Bay Bridge is the fourth of seven foals and one of two scorers from three runners out of a half-sister to G2 Prix Eugene Adam victor Shimraan (Fr) (Rainbow Quest). He is kin to the hitherto unraced 2-year-old filly Stormy Sea (GB) (Territories {Ire}) and a yearling colt by Time Test (GB). His stakes-winning third dam Shemaya (Ire) (Darshaan {GB}), who produced G1 Prix du Jockey Club second Shamkiyr (Fr) (Sea the Stars {Ire}), is kin to G3 Prix Allez France victrix Shemima (GB) (Dalakhani {Ire}), herself the dam of G3 Derrinstown Stud Derby Trial winner Cormorant (Ire) (Kingman {GB}) and Listed Prix Madame Jean Couturie victrix Shemala (Ire) (Danehill). Descendants of Shemala, herself a daughter of G1 Prix de Diane heroine Shemaka (Ire) (Nishapour {Fr}), include G1 Grand Prix de Paris hero Shakeel (Fr) (Dalakhani {Ire}).

Saturday, Ascot, Britain
QIPCO CHAMPION S.-G1, £1,300,000, Ascot, 10-15, 3yo/up, 9f 212yT, 2:09.46, g/s.
1–BAY BRIDGE (GB), 133, c, 4, by New Bay (GB)
1st Dam: Hayyona (GB), by Multiplex (GB)
2nd Dam: Shemriyna (Ire), by King Of Kings (Ire)
3rd Dam: Shemaya (Ire), by Darshaan (GB)
1ST GROUP 1 WIN. O-James Wigan & Ballylinch Stud; B-London Thoroughbred Services Ltd (GB); T-Sir Michael Stoute; J-Richard Kingscote. £737,230. Lifetime Record: 10-6-1-1, $1,284,847. Werk Nick Rating: A. Click for the eNicks report & 5-cross pedigree, or the free Equineline.com catalogue-style pedigree.
2–Adayar (Ire), 133, c, 4, Frankel (GB)–Anna Salai, by Dubawi (Ire).

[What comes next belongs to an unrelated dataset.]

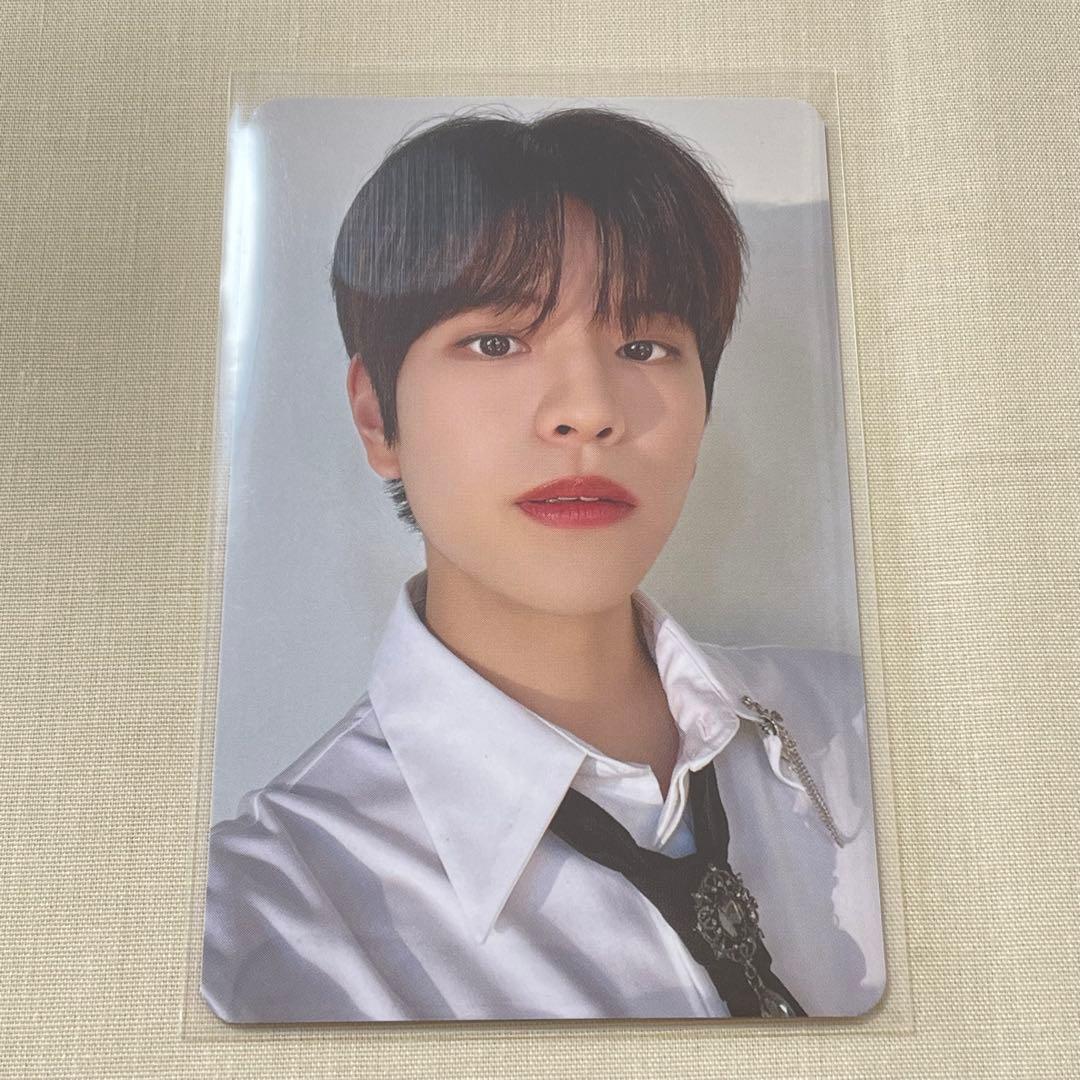 即購入可】Stray Kids NACIFIC トレカ スンミン - メルカリ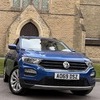 2020 VW T ROC 1.5tsi EVO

O/B-Godolphin (IRE); T-Charlie Appleby. £279,500.
3–My Prospero (Ire), 129, c, 3, Iffraaj (GB)–My Titania (Ire), by Sea The Stars (Ire). O/B-Sunderland Holding Inc (IRE); T-William Haggas. £139,880.
Margins: HF, NO, 1 1/4. Odds: 10.00, 6.00, 22.00.
Also Ran: Baaeed (GB), Stone Age (Ire), Dubai Honour (Ire), Helvic Dream (Ire), Mac Swiney (Ire), Royal Champion (Ire).